If a scorer fails and you do not know what it means or what to change, the scorer is poorly designed. The purpose of a score is not just to measure. It is to direct the next round of work. A score that cannot tell you what to improve is noise.

Think of it this way: before you write a scorer, ask yourself what you would do if this score dropped. If the answer is "I'm not sure," reconsider the scorer.

Offline Evals and Online Evals

Everything described so far is an offline eval: you run a batch of test cases outside of production (separately, not on live traffic), capture the results, and review them. This is the main workflow during development.

Once the agent is in production, online evals run alongside it. A user submits a prompt, the agent responds, and the automated scorers run against that real interaction immediately -- on live traffic, in real time. By the time you look at the data, it has already been evaluated. A thumbs up or thumbs down from the user is an online eval. A code-based scorer checking whether the returned JSON is valid is an online eval.

The distinction matters for speed and cost.
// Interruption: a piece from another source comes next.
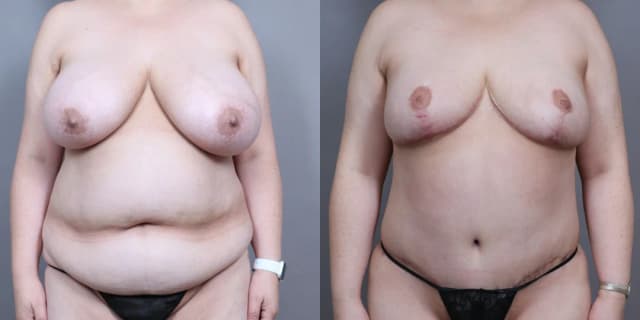 Tummy Tuck (Abdominoplasty) procedure image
Automated code scorers run fast enough to evaluate production traffic in real time. LLM-based judges are slower and more expensive, so they tend to run offline on sampled data rather than against every live request.

LLM as a Judge

Deterministic scorers cover a lot of ground. But some quality dimensions cannot be captured with a function. "Does this diagram communicate the idea clearly?" requires judgment that code cannot provide.

LLM as a judge means using a second LLM to evaluate the output of the first. You give it the input, the output, and a description of what good looks like, and ask it to return a score. This is useful but it carries a cost: the judge itself is a non-deterministic system -- it can give different scores for the same output on different runs. It needs its own eval.
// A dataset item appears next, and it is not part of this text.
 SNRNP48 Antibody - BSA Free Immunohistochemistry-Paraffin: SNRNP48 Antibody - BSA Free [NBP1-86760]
The practical approach is to resist using an LLM as a judge until there is enough manual review data to calibrate it -- to check whether the judge's scores actually match what a human expert would say. A judge prompt written without reference data is guessing. Once reviewers have gone through enough outputs and left enough notes, you can use that data to build a judge that reflects their taste. The judge is an approximation of the human expert, not a substitute for doing the expert work first.

This gets recursive quickly: building a good LLM judge requires collecting data, evaluating it, and iterating. That is the same process as building the agent. The difference is that the agent delivers value to users while the judge only measures that value. Start with deterministic scorers, add human review, and only reach for LLM judgment when manual review becomes the bottleneck.

The preference ordering is: deterministic code checks first, human review second, LLM as judge third. The further right you go, the more expensive, slower, and harder to calibrate the scoring becomes.